Is Host Isolation Response set right for you?

calendar Jun 1, 2014 · 3 min read  ·
Share on: linkedin copy

Coming in to manage a virtual environment that’s already up and running, you guess it’s set up correctly for the most part. As time goes on, you may pick up a few things here and there to improve it. But what got me recently was the business’s interpretation of VMware’s HA.

Know your environment, understand the options

During a switch failure causing network isolation of a host, the business wanted to know why their VM’s weren’t restarted on the remaining hosts. Although it was working as expected according to VMware’s Host Isolation Response setting, but the business didn’t see it the same way.

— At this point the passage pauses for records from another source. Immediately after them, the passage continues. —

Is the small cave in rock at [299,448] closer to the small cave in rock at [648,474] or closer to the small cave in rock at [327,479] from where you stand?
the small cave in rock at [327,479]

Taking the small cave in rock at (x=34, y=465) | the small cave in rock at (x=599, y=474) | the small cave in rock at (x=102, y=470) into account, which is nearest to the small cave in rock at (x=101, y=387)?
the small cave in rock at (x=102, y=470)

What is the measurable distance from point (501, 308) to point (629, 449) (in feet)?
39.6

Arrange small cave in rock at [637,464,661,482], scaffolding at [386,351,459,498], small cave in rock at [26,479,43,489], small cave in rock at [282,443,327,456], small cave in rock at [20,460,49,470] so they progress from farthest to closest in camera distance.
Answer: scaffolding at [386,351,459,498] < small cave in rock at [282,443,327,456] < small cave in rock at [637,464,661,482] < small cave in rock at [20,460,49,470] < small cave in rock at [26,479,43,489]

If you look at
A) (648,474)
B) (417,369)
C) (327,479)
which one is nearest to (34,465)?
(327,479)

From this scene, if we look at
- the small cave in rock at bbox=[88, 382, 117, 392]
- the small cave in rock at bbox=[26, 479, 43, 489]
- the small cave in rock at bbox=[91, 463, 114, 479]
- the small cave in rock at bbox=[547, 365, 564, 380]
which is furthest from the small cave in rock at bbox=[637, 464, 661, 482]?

The build of the cluster was outsourced several years ago, and the host isolation response setting was documented as being set to “Leave powered on”, but there was no further explanation for the business as to what that meant.

Read the documentation

Explained fully in the VMware vSphere documentation and also VMware KB 1030320 says:

Leave powered on – When a network isolation occurs on the host, the state of the virtual machines remain unchanged and the virtual machines on the isolated host continue to run even if the host can no longer communicate with other hosts in the cluster. This setting also reduces the chances of a false positive. A false positive in this case is an isolated heartbeat network, but a non-isolated virtual machine network and a non-isolated iSCSI/NFS network. Should the host become unresponsive or fail and can no longer access/run the virtual machines, the virtual machines will be registered and powered on by another running host in the cluster. By default, the isolated host leaves its virtual machines powered on. 

Power off – When a network isolation occurs, all virtual machines are powered off. It is a hard stop. A power off response is initiated on the fourteenth second and a restart is initiated on the fifteenth second.

Shut down – When a network isolation occurs, all virtual machines running on that host are shut down via VMware Tools. If this is not successful within 5 minutes, a power off response type is executed.

Duncan Epping has an easy to read matrix on the VMware vSphere Blog.

In this environment of FC storage and a single top of rack switch for management and VM traffic, it would probably have been better to choose “Shut down”. A week later the CR was approved and 10 seconds later, it’s set to “Shut down”.

The network team now get found out when trying to sneak in a 5-10 second network outage for maintenance.